Wednesday, May 16, 2007

100 Great Rock & Roll Songs Of The 1950s, Part X.


Frankie Ford “Sea Cruise”
(Huey Smith)
Ace, 1959
Hey, where have I heard those horn charts before? (No, really. The first time I heard this, I had to stop and root through my iPod to figure it out.) The Clash borrowed them for their cover of “Wrong ’Em Boyo,” which is appropriate, since the rocksteady of the original was anticipated by this song’s bouncy rhythm. It’s pure ska (maybe it’s even dub, with all those foghorn sound effects, not to mention the fact that Frankie Ford quasi-ethically dubbed his voice onto Huey “Piano” Smith’s track). But at the same time, it’s surf music — that climbing melody sounds like every early Beach Boys hit — and then too it’s just prime New Orleans r&b, danceable and fun and oo-wee, baby, oo-wee.


Charlie Rich “Big Man”
(Charlie Rich/Dale Fox)
Sun, 1959
When Sun lost Elvis to RCA, the Army, the movies, and sentimental glop, they scrambled to replace him. To all appearances, Charlie Rich was the perfect fit. His emotional baritone sounded a lot like Elvis’s, but he had better phrasing; he was drop-dead gorgeous, but more distinguished; and he could write killer songs, and play terrific jazz-inspired piano, and — and — but no. He had a couple of minor hits, and then hopped from label to label all through the 60s, playing a sophisticated and unique version of country-soul-jazz that found no takers even as country and soul and jazz were all exploding into radical new forms.

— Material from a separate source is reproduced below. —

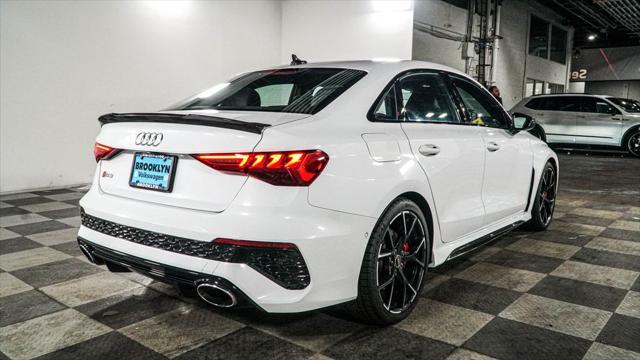 used 2024 Audi RS 3 car, priced at $61,095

Then finally, his hair white from the strain, he broke through with “Behind Closed Doors” in 1973. But back at Sun, as a brash young Turk, he was already crossing boundaries and fusing black gospel with old-time religion (and maybe inspiring Randy Newman along the way) — the Big Man of the title is God himself.


Jimmy Reed “Baby What You Want Me To Do”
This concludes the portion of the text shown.